Wednesday, August 1, 2007

Dandelion Wine

This was another recipe that was stashed away in the same fashion, again, modify the recipe according to your needs, this recipe makes 5 gallons.

Ingredients
1/2 bushel Dandelion Blossoms
3 gallons + 5 quarts Spring Water
15 lbs of sugar
1 cake or enevelope yeast (dissolved in 1/2 cup warm water)
2 15 oz boxes seeded Golden Raisins
12 oranges (juiced)
6 lemons (juiced)
Parafin

Gather half a bushel basket of dandelion blossoms. Wash the blossoms, put them in a large kettle with 3 gallons water. Simmer very slowly for 2 to 3 hours.

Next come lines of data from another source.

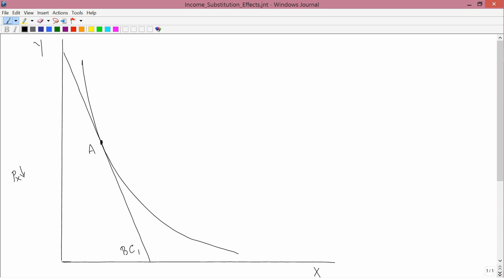We're starting with our familiar diagram again — an affordable set designated by the budget constraint BC1 and initial consumption point A. I'm going to study a fall in the price of X. That generates an increase in the affordable set, an expansion in the X direction. Let's suppose that's a fairly substantial increase, so the new budget constraint is BC2.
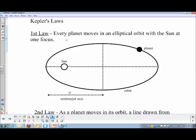His first law is that every planet moves in an elliptical orbit with the sun at one focus. I'm going to talk more about what it means to be the focus point on an ellipse in just a second, but that's his first law. Understand that Kepler wrote the law based on the planets, but it applies to anything orbiting the sun - planets, comets, asteroids, whatever.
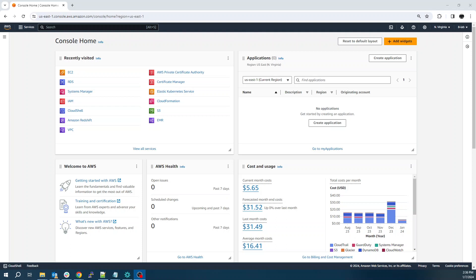Today I'm going to show you how to set up and configure an ArcGIS Pro instance on EC2, an RDS Postgres database, and how to enable it as an enterprise geodatabase. So with that, let's go ahead and jump into it.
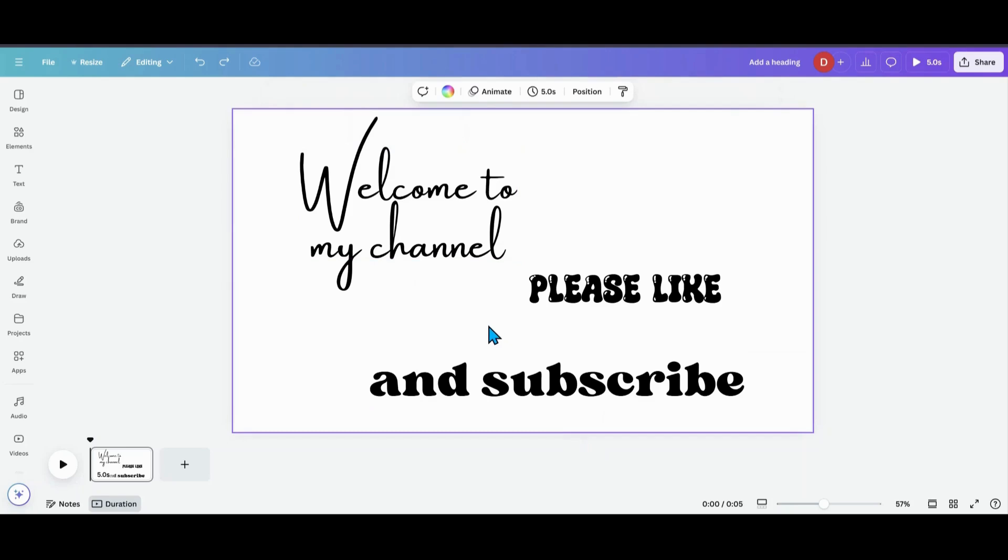So when it comes to Canva and some tools, sometimes I'm a little late to the party. And this is one of them that I'm late to the party for.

Strain mixture through layers of cheese cloth into a large crock squeezing the cloth dry. (It looks & smells hopeless at this point but don't give up.) While mixture is still warm add 15 pounds sugar and 1 cake or envelope of yeast, dissolved in 1/2 cup of warm water. Let it ferment in crock for 8 days. Pour the liquid into a 5 gallon barrel and add 2 15 ounce boxes of seeded raisins and the juice of 12 oranges and 6 lemons. Reserve the rinds of the fruit & cut them into small pieces. Put them in a kettle with 4 or 5 quarts of water & simmer for 20 minutes. Add enough of this liquid to the barrel to fill it. Let the wine work in the barrel for 14 days, adding more of the citrus infusion from time to time, to keep the barrel filled, and letting the foam run off. When the wine stops working & the foam settle, there will be an air space at the top of the barrel. It will not effect aging once the barrel is sealed. Close the barrel & seal the bung with parafin. Let wine age for a year, longer if possible. To bottle wine, wait at least a year otherwise keep it in the barrel and siphon off as needed leaving the sediment at the bottom. The resultant air space will not damage the wine as long as the keg is kept tightly bunged between "taps". This recipe makes about 5 gallons.